All 11 Alabama votes to the Electoral College
| Nominee | Adlai Stevenson | Dwight D. Eisenhower |  |
| Party | Democratic | Republican |
| Home state | Illinois | New York |
| Running mate | John Sparkman | Richard Nixon |
| Electoral vote | 11 | 0 |
| Popular vote | 275,075 | 149,231 |
| Percentage | 64.55% | 35.02% |
- County results
| Stevenson 50–60% 60–70% 70–80% 80–90% | Eisenhower 50–60% |
| President before election Harry S. Truman Democratic | Elected President Dwight D. Eisenhower Republican |

= 1952 United States presidential election in Alabama =

The 1952 United States presidential election in Alabama took place on November 4, 1952, as part of the 1952 United States presidential election. Alabama voters chose eleven representatives, or electors, to the Electoral College, who voted for president and vice president.
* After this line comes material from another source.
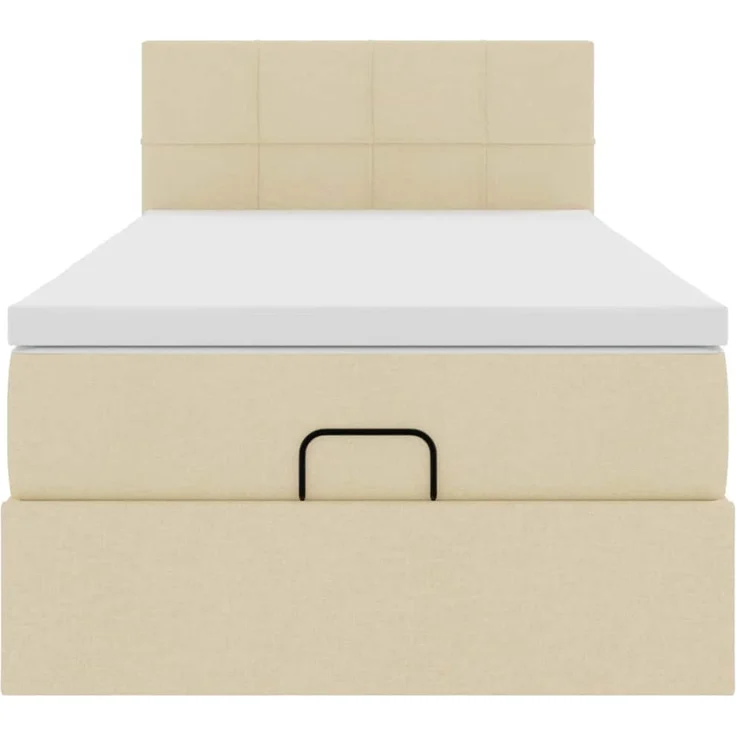 vidaXL Ottoman-Bett mit Matratze Creme 100x200 cm Stoff 3311440 – Bild 5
In Alabama, voters voted for electors individually instead of as a slate, as in the other states.

Since the 1890s, Alabama had been effectively a one-party state ruled by the Democratic Party. Disenfranchisement of almost all African-Americans and a large proportion of poor whites via poll taxes, literacy tests and informal harassment had essentially eliminated opposition parties outside of Unionist Winston County and presidential campaigns in a few nearby northern hill counties. The only competitive statewide elections during this period were thus Democratic Party primaries — limited to white voters until the landmark court case of Smith v. Allwright, following which Alabama introduced the Boswell Amendment — ruled unconstitutional in Davis v. Schnell in 1949, although substantial increases in black voter registration would not occur until after the late 1960s Voting Rights Act.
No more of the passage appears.